We must have looked as bewildered as we felt, because a gaggle of old men and women called to us from the edge of the street- “Angleezi?” “American,” we answer and are happily met with “Ah! America! New York! Boston! Where?!” Through some largely incomprehensible but mutually satisfying exchange the leader of the group helped us flag down a mini-bus to take us into downtown Pogradec. Pogradec is on the opposite side of the lake from Ohrid. At night we had seen its lights twinkling in the distance and we expected it to be somewhat similar to Ohrid, if poorer. Lonely Planet even praised it as not a totally worthless place, and maybe it wasn’t, but it was our first big gritty facefull of Albania.
We exited the mini-bus onto a bustling street. Dusty cars, trucks and buses all vyed for space on the actively decaying narrow strip of asphalt. Blasts of horns filled the air alarmingly- a honk meant “hello”, “you’re in my way”, “you’re not in my way”, “I’m passing you”, “Are you passing me?”, “Do you want me to stop?”, “I’m stopping”, “I’m not stopping”, “Bye!”, and a few things I’m forgetting. The sidewalks along the road were mostl dirt with odd chunks of cement akwardly positioned here and there. Gaping manholes full of trash caused us to either squeeze against the rapidly crumbling buildings or brave the should full of pissy parked-in taxi drivers. The apartment balconies above us were packed full of firewood and big bags or potatoes and onions in preparation for winter. Many of these buildings probably didn’t have electricity at all. We were anxious to leave this frighteningly ragged border town and graftefully found a mini-bus departing for mountainous Korca.
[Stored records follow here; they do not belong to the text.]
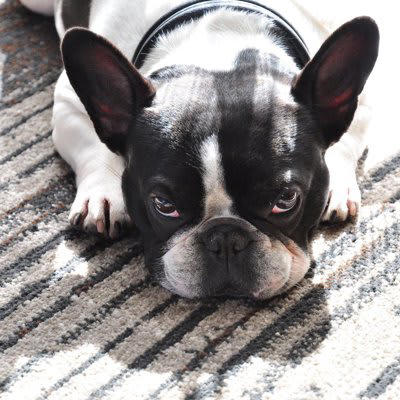 犬がストレスを感じる飼い主のNG行動4選, 1.大声で話す・怒鳴る, 3.一貫性のない態度で接する, 4.叩くなどの苦痛を与える行動, 犬の負担を減らすにはストレスフリーな環境作りが重要
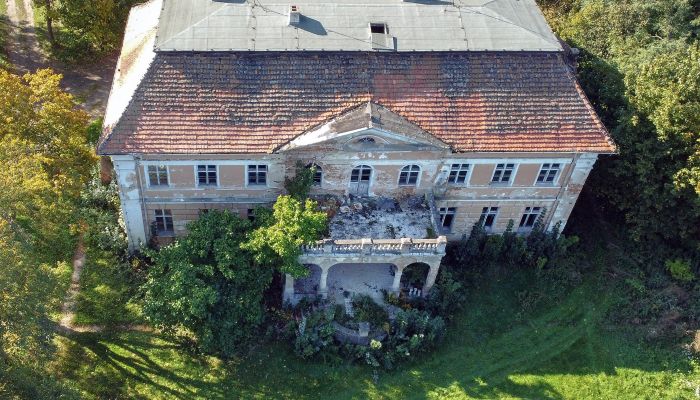 Manoir à vendre Granówko, Grande-Pologne,  Pologne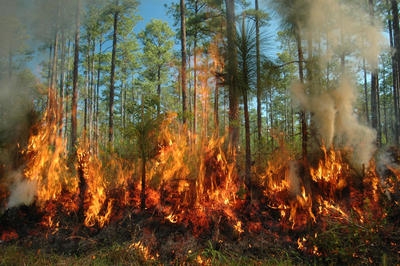 Incendiul de amploare lângă Chiraftei. 250 de hectare de vegetaţie au fost afectate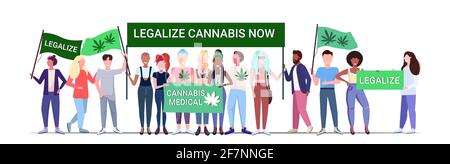 mix di razza persone che tengono legalizzare cannabis ora manifestano medico poster di protesta marijuana legalizzazione concetto di consumo di droga orizzontale intera lunghezza Illustrazione Vettoriale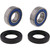 All Balls Wheel Bearing Kit Front Beta EVO 80 09-11, REV 2T 125 04-08, 25-1070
Aboard, we bump and honk our way out of town, crammed in with several more young kids, old ladies, and baggage than this vegicle was surely meant to hold. It begins to rain. Approaching Korca the rain only gets worse. Our driver lets us out at the mini-bus “station”, a chaotic jumble of taxis and vans pointed every which way at the intersection between two broad muddy streets. We take refuge under the cement porch of long abandoned factory and wonder what the hell to do next. Our guidebook tells us that there is a hotel “just around the corner from the bus station”. But is this the “bus station”? Which corner? We peer down the sodden street in vain. The rain thunders on. We decide to get a taxi but the driver has apparently never heard of the hotel we are looking for. He does, however, grasp that we are looking for a hotel and, either helpfully or schemingly, takes us to a hotel farther from the city center. We are exhausted, cold, and wet and decide to make do with the hotel and figure out the rest later. Our room looks out on a whole row of delapitated abandoned buildings mixed in with a few new concrete structures. We know that among them are a couple hotels, cafes, and a university, but from a distance it’s impossible to tell. It’s all just either old concrete or new. The rain slows a little but doesn’t stop. We decide it may be our best chance to get to town so we set out in our rainjackets, umbrellas in hand.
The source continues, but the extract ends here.